Each line below must be transcribed exactly, and no picture may appear in the transcription.

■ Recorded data
·····

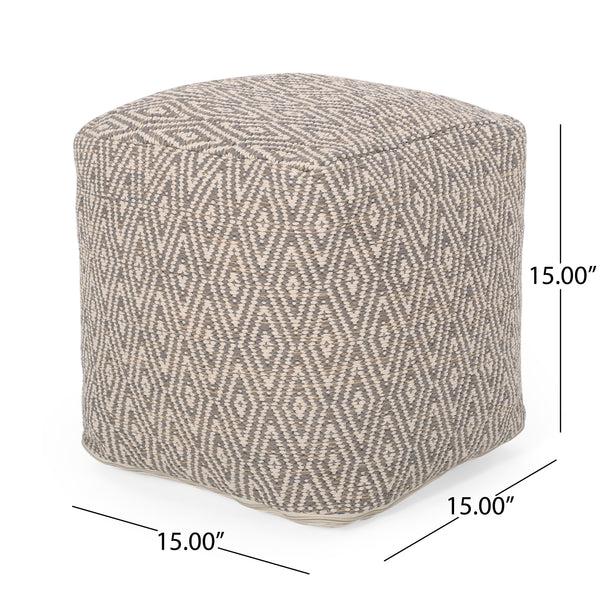 Gdf Studio Sovereign Hand-Crafted Cotton Cube Pouf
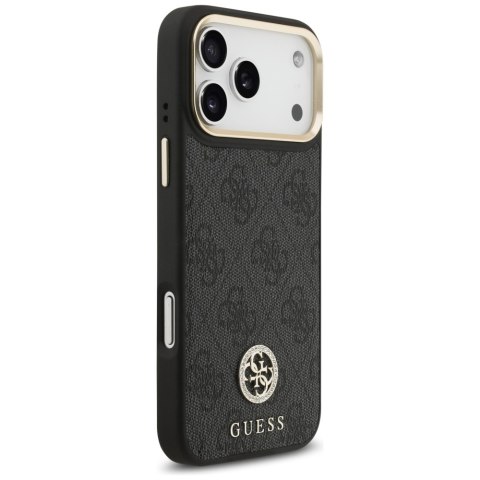 Guess nakładka 4G Srtass Logo & Big Strap Metal Buttons MagSafe do iPhone 17 Pro Max czarna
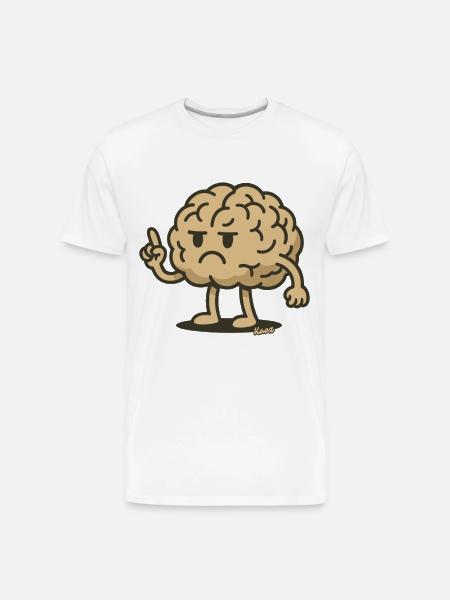 Angry Brain Pointing Finger - Men's Premium Organic T-Shirt - white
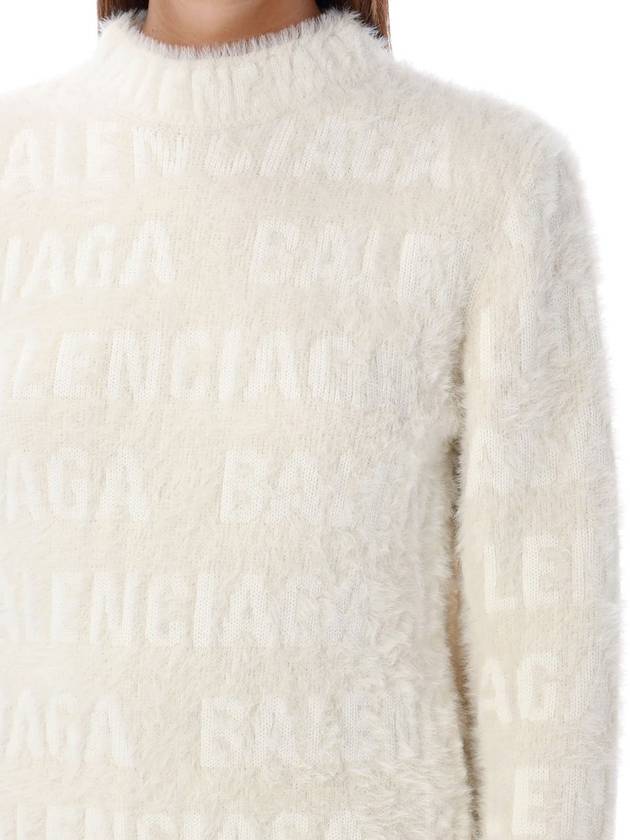 All over logo furry fit knit top ivory - BALENCIAGA - BALAAN 4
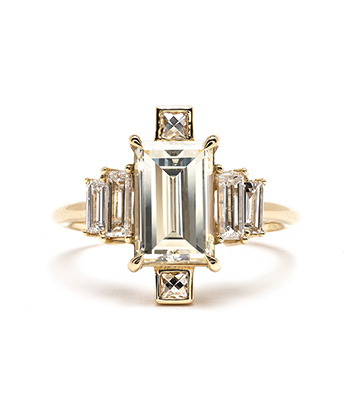 Baguette Cut Diamond Unique Engagement Rings designed by Sofia Kaman handmade in Los Angeles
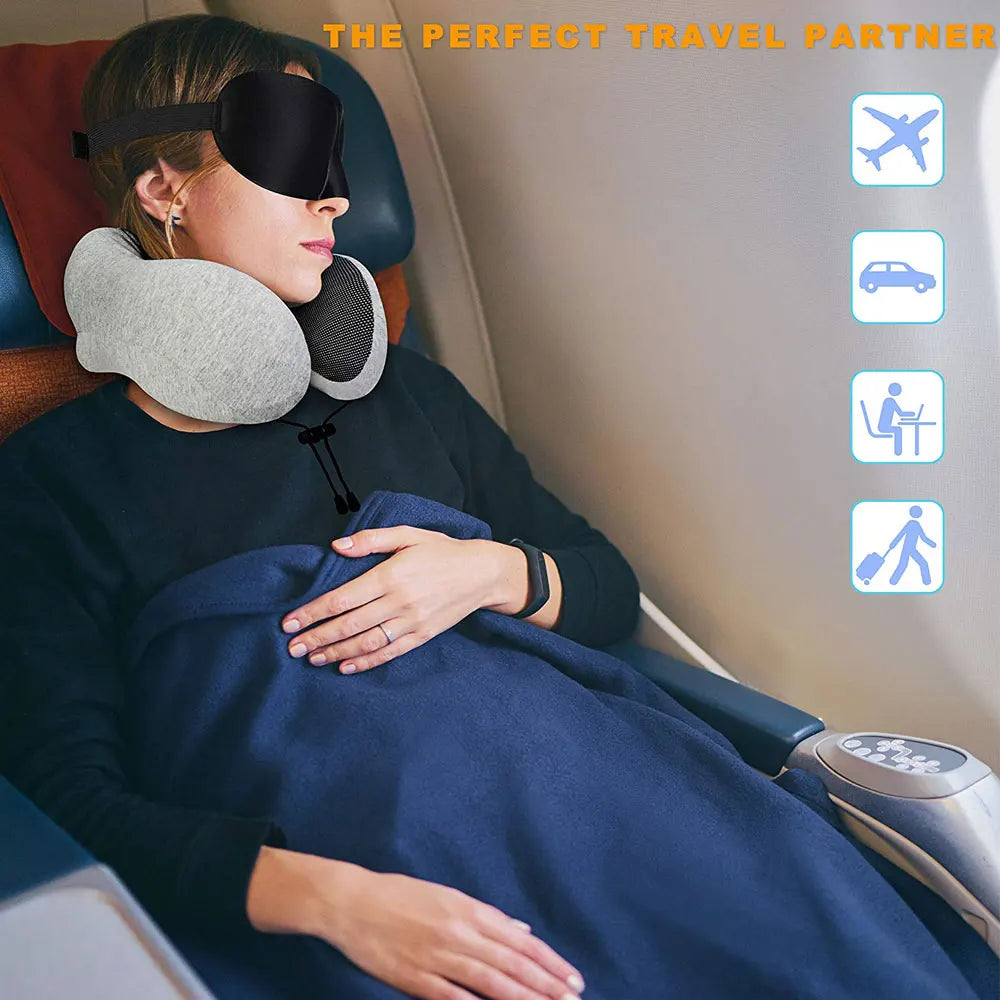 BowLift | U-shaped neck pillow made of memory foam for travel and sleeping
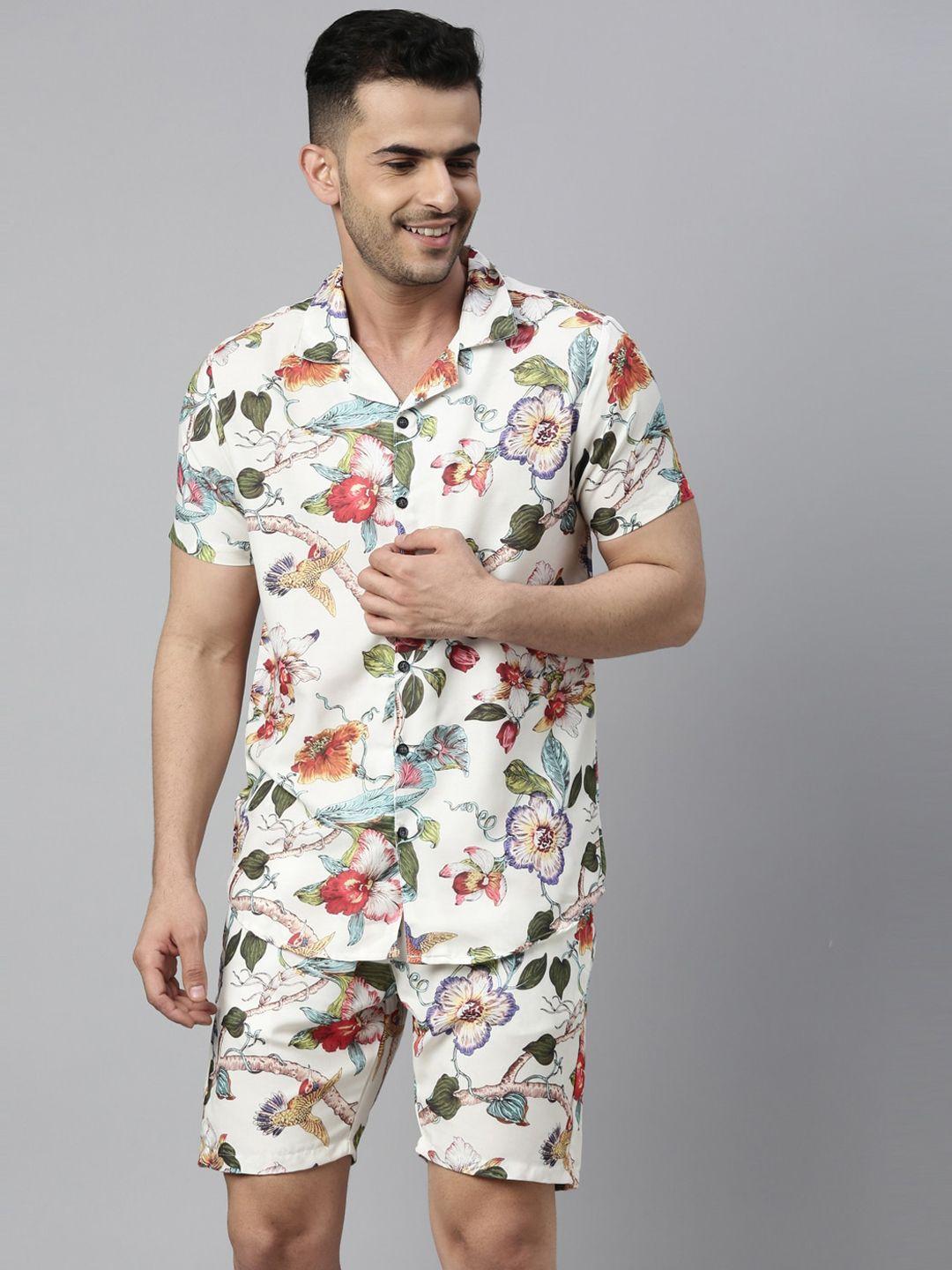 bushirt men white printed loungewear set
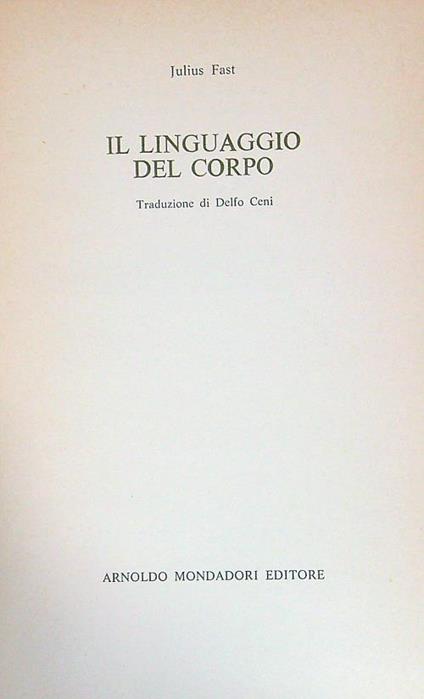 Il linguaggio del corpo - Julius Fast - copertina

·····

■ PROBLEM SOLUTION
 Gdf Studio Sovereign Hand-Crafted Cotton Cube Pouf
 Guess nakładka 4G Srtass Logo & Big Strap Metal Buttons MagSafe do iPhone 17 Pro Max czarna
 Angry Brain Pointing Finger - Men's Premium Organic T-Shirt - white
 All over logo furry fit knit top ivory - BALENCIAGA - BALAAN 4
 Baguette Cut Diamond Unique Engagement Rings designed by Sofia Kaman handmade in Los Angeles
 BowLift | U-shaped neck pillow made of memory foam for travel and sleeping
 bushirt men white printed loungewear set
 Il linguaggio del corpo - Julius Fast - copertina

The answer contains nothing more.